紙のテキストを傍らに置いておく必要がないため、電車の中でもスマホ片手で勉強ができます。そして画面を見ているだけで十分論点の理解が進みます。(スタディングの簿財コースの中村講師の説明はわかりやすいです。)

結果として、自宅にいるときは演習問題に集中できるということになりますが、これがかなり良かったですね。

一方で、TACはWeb通信と言えどテキストに沿って講義が進みますので、電車内でスマホ片手にというわけにはいきません。TACの簿・財テキストを見たことがないので不確かな点はありますが、消費・相続に限って言えばテキストを開かないと勉強になりません。家で机に噛り付いて講義視聴をする必要があります。

まあ、その分通勤時間は理論暗記に費やすことはできるのですが。

ちなみにスタディングですが、別売の冊子オプションの紙ベースの問題集、これは絶対買った方が良いと思います。私も初めはパソコンの画面で見ながら問題を解いていましたが、ページを行ったり来たりしないと問題が見れなかったり、書き込みができないなど、本試験と状況が違い過ぎます。安くはありませんがそこは自己投資と割り切って紙ベースの問題集は買った方が良いです。


(2)スタディングのこま切れ講義、実は良い

もう1点、大手予備校の講義と比較し良い点として、スタディングの講義は各論点を短く区切ってある点です。

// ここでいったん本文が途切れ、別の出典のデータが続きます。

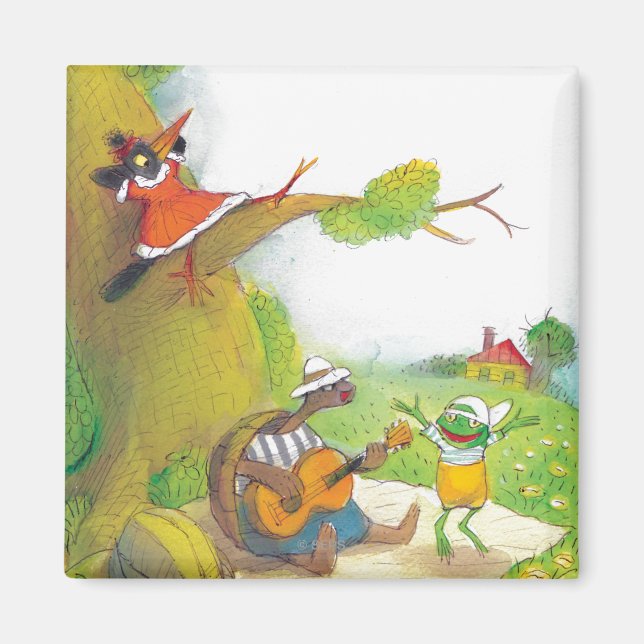 Ted, Ed und Caroll Das Picnic 1 Magnet (Vorne)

結果として、以下メリットがあります。
 ①論点ごとに立ち止まって考えることができる。
 ②後で講義動画を見返したいときに検索が楽。

例えば、TACの相続税法。ある1講義では以下4つの論点の説明がありました。
 ①生命保険金等
 ②退職手当金等
 ③相続税の非課税財産
 ④債務控除

3時間の講義の上記4つの論点を取り上げるわけです。そして演習問題も上記4つの論点に関するものがセットになっています。

スタディングであれば生命保険金等で1講義、退職手当金等で1講義、とこま切れになっており、講義時間も短いです。そして1講義ごとに演習問題が用意されています。

大手予備校のように複数論点を一度の講義で進められると、「ん?」という点があっても立ち止まれません(画面止めればいいんですけどね)。もやもやしたまま講義が進んでいくことがたまにあり、結果として詰め込まれている感が強いです。

また、いざ演習問題を解こうとするときに、「あれ、ここってなんて説明してたっけ?」と思い、もう1回説明を聞こうと思っても3時間の講義の中から該当箇所を探し出すのにはけっこう手間暇がかかるというのがデメリットがあります。(けっこうテキストに書いていないことも講師が説明しているんですよね・・・結果としてテキストだけでは理解が不十分な時があります。)

ですので、スタディングのように講義がこま切れになっていれば、立ち止まりながら考えられますし、再度講義を探し出すのも楽です。


(3)不安なくらい時間に余裕ができる

変な見出しですが、スタディングの講義ペースでやっていくと時間がかなり余ります。

前述したとおり、スタディングでは月1回ほどまとめて複数論点がアップされます。これら論点を解くのに1ヶ月かかるか?ということですが、、、

全くかかりません。

講義は電車で視聴、家では演習問題、このスタイルでやっていけば時間が余りますので、余った時間で過去の論点を再復習することができるわけです。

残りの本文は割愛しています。